PROPSECTS AND CHALLENGES OF INTEGRATED ELECTONIC HEALTH RECORDS FOR MANAGED CARE ORGANIZATIONS by Peter Oluseyi Okebukola MPH/MBA Intended audience This is a public policy memo directed to the Office of the National Coordinator of Health Information Technology (ONCHIT) within the Department of Health and Human Services (DHHS). CONTENTS ? ? ? ? ? Executive Summary Background Definitions stakeholders Options and implications for managed care ? ? ? ? ? ? ? ? ? Individual practice association (IPA) or network model HMOs Staff or group model HMOs Point of service (POS) plans Medicare/ Medicaid Medical tourism
Potential Problems Possible Resolution and its Possible Effects Conclusion and Potential Areas for Further Study Recommendations Executive Summary Healthcare Information Technology (HIT) has been shown to improve organizational efficiency and has the potential to transform healthcare and the managed care industry in the near future. The potential impact of HIT on cost savings and quality improvement has led Congress to enact the American Recovery and Re-investment Act of 2009 (ARRA) which encourages the use of information technology to achieve fully integrated electronic health records system in the United States.

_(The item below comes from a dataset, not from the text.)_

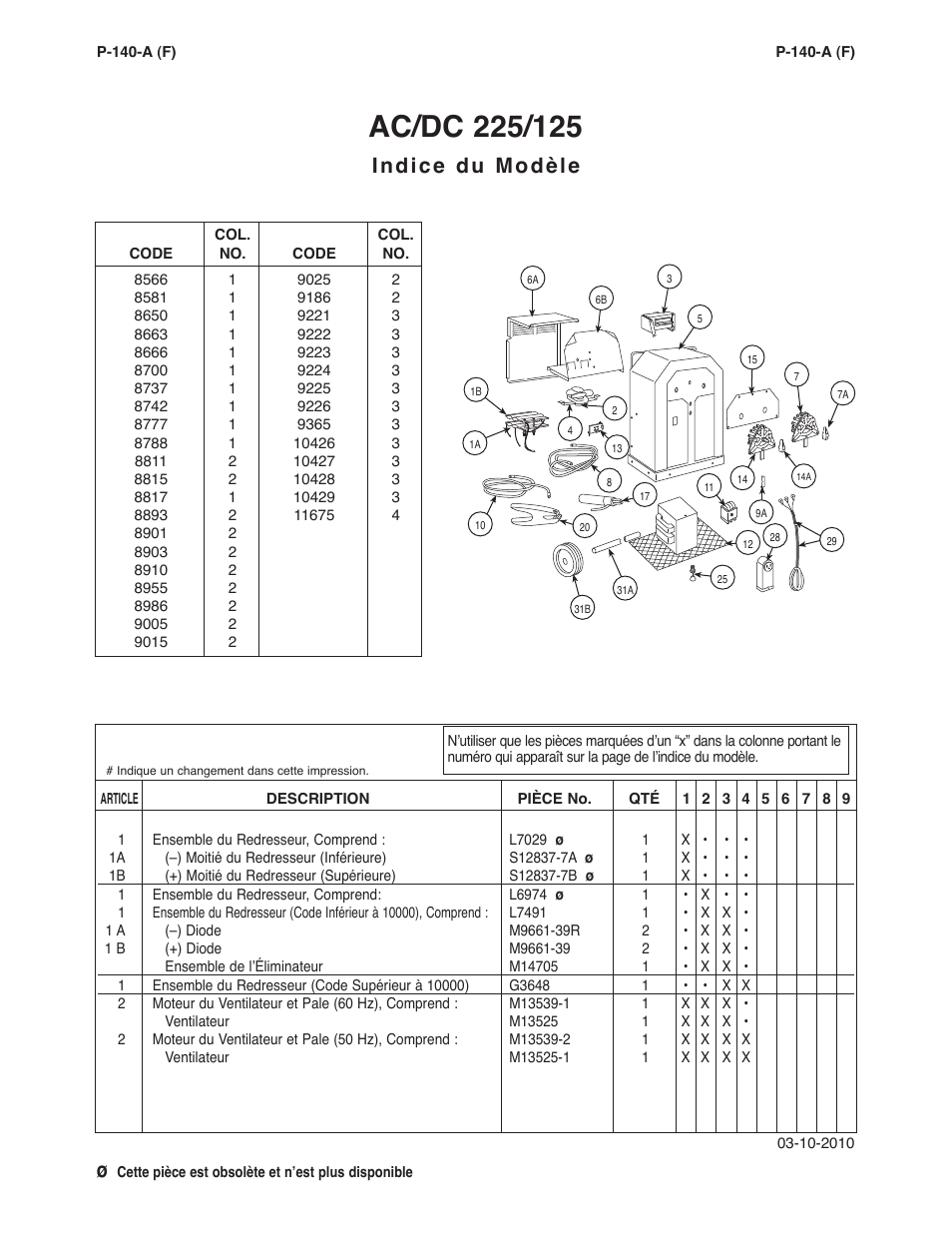 Lincoln Electric IMT237 AC_DC 225_125 User Manual | Page 64 / 68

This law has a lot of implications for the managed care industry which is responsible for the healthcare of a large percentage of Americans. There are many models of managed care and there are also many models of Electronic Health Records (EHRs) which suit each of these different models. However, what is good for one model of HMO may not be good for the other and I hypothesize that this may create many independent, self-sufficient health information systems that may not allow the over-arching goal of the ARRA Act of interconnectivity and interoperability to be met.
I propose that a generic model of health information system be developed by the ONCHIT which would have as its backbone, the Centre for Medicare and Medicaid (CMS). This system will be anchored around the Medicare and Medicaid programs and the managed care organizations would design their own systems in such a way as to be interconnected with this system, as opposed to having their own standalone systems. There are many teething problems within this developing area and my roposition may cause some more, but if the ONCHIT ensures that the innovative MCOs who have already installed their own systems are not penalized but encouraged and the spirit of competition is not dampened among vendors, the expected benefits of EHRs may soon be reaped by all, especially the enrollees of the various managed care organizations in the United States. Background Despite the widespread use of information technology in many industries in the general US economy, the health sector in general and managed care organizations in particular have yet to put its potential power to good use.
The benefits of the value of information technology and its potential for cost saving and improved quality and reduced costs in the long run are well documented (Hillestad 2005, Chen 2009). Despite this however, about 17% of U. S doctor‘s offices and 10% of hospitals have only basic electronic health records, which are by no means integrated and interoperable (Blumenthal 2009).
These conditions necessitate that the manner of recording patients‘ clinical information in most care settings is in paper form, which means that the process of reimbursement and payment of claims by managed care organizations is in paper format without any way of truly monitoring care across the different variants of the managed care organization systems. This has many implications for quality control and measurement in the managed care settings of both public and private payment systems including Medicare and Medicaid (Hudson-Scholle 2010).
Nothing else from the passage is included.